Work order:
Repeat the span of the entries below that starts at the line with "Coney Island street" and ends at the line with "The groom in", nothing more. Skip the pictures.

Material for this task:
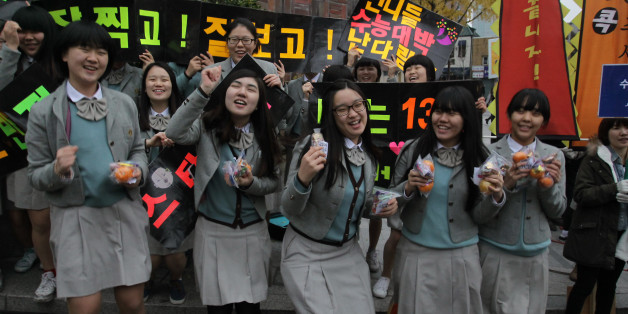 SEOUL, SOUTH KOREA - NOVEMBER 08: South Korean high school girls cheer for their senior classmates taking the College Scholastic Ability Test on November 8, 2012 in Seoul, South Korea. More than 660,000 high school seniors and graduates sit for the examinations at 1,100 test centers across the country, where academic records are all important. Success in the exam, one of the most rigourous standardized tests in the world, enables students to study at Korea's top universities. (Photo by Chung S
...
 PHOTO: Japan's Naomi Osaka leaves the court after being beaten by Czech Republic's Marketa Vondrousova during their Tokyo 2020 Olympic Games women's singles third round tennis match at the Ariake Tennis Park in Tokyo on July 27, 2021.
* * *
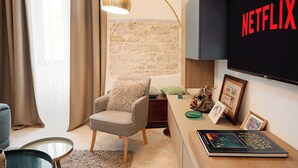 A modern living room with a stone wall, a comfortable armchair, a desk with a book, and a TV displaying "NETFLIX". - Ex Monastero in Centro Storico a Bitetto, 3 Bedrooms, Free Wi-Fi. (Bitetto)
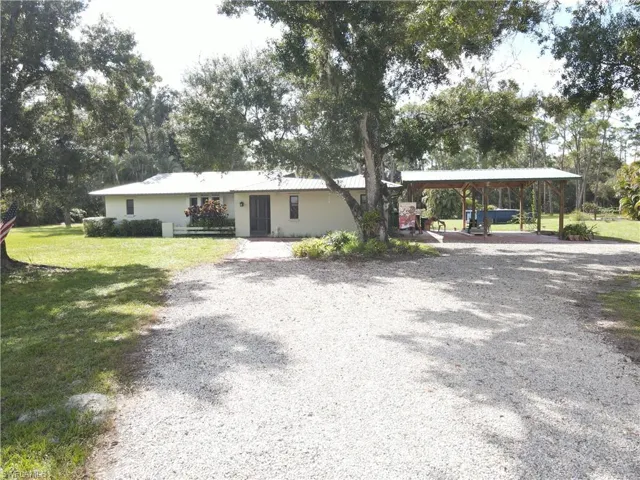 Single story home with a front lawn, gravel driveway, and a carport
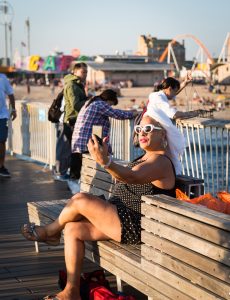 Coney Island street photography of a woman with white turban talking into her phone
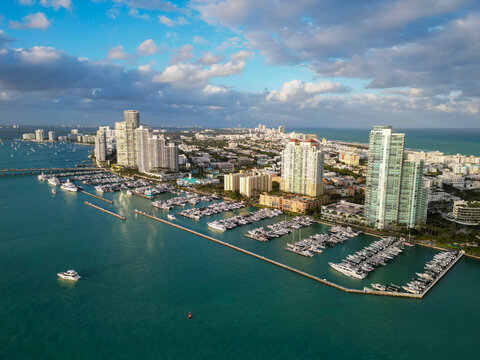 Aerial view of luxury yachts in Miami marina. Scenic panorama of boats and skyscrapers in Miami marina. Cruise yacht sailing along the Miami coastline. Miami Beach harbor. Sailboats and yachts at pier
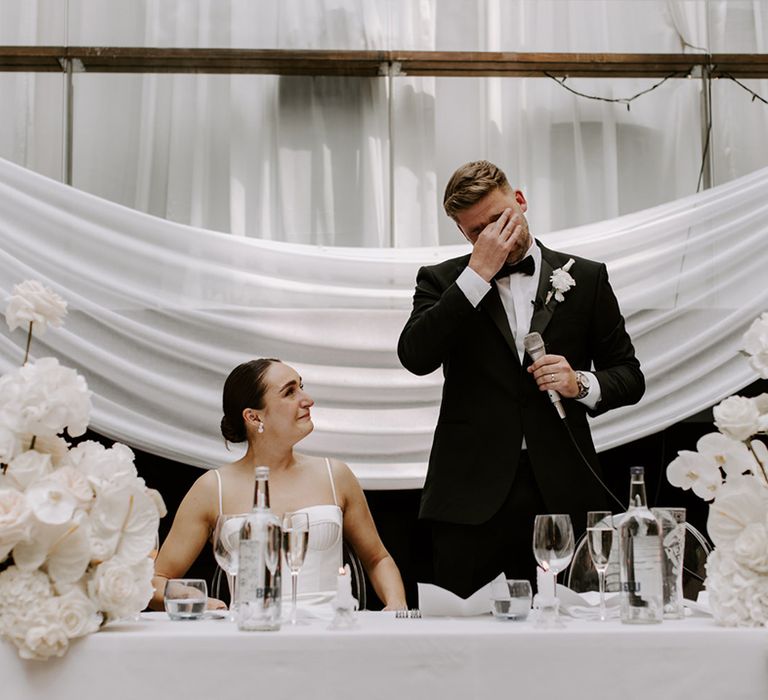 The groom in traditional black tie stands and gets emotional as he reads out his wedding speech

Completed task:
 Coney Island street photography of a woman with white turban talking into her phone
 Aerial view of luxury yachts in Miami marina. Scenic panorama of boats and skyscrapers in Miami marina. Cruise yacht sailing along the Miami coastline. Miami Beach harbor. Sailboats and yachts at pier
 The groom in traditional black tie stands and gets emotional as he reads out his wedding speech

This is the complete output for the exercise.